A Massachusetts native, Lindstrom was born in the town of Palmer, located within the Springfield metropolitan area. His family background was mixed, including Swedish, German-Jewish, and other European forebears; he received a secular upbringing. He attended the University of Chicago, receiving his A.B. in 1938 and A.M. in 1941. Following service in World War II, he returned to the university on the G.I. Bill, earning his Ph.D. in 1950.

After teaching for three years at the University of Massachusetts Amherst, he relocated to Arizona, where he chaired the ASU Department of Sociology for a record number of years. He also served multiple terms as Secretary-Treasurer of the Pacific Sociological Association (PSA). Lindstrom was considered to incarnate the outlook and practices of the Chicago school, of which he was a historian, contributing to the special issue of the journal Sociological Perspectives (Vol. 31, No. 3, July 1988) entitled Waving the Flag for Old Chicago. With his wife, Laura Johnson, and Ronald A. Hardert, he edited the 1995 book Kimball Young on Sociology in Transition, 1912-1968.

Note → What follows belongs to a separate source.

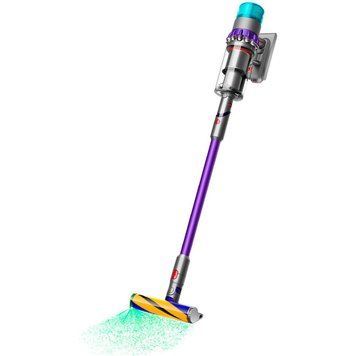 Dyson Gen5detect Absolute Nickel/Purple (447930-01) 896789 фото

As a student of popular culture, he maintained an extensive collection of jazz and blues records, ranging from 78s to CDs, and frequently offered a course entitled The Sociology of Jazz and Blues. His official area of specialization, however, was demography. Before serving in the war, he had specialized in literature—after his change of academic field, he was involved with sociology of the arts and the teaching of sociology through literature. In 1994 he received a distinguished service award from ASU's College of Liberal Arts.

Frederick B. Lindstrom died at the age of 82. He and his wife Laura were the parents of three children—two sons and daughter Naomi, a literary critic specializing in Latin America, with whom he co-authored conference papers and articles.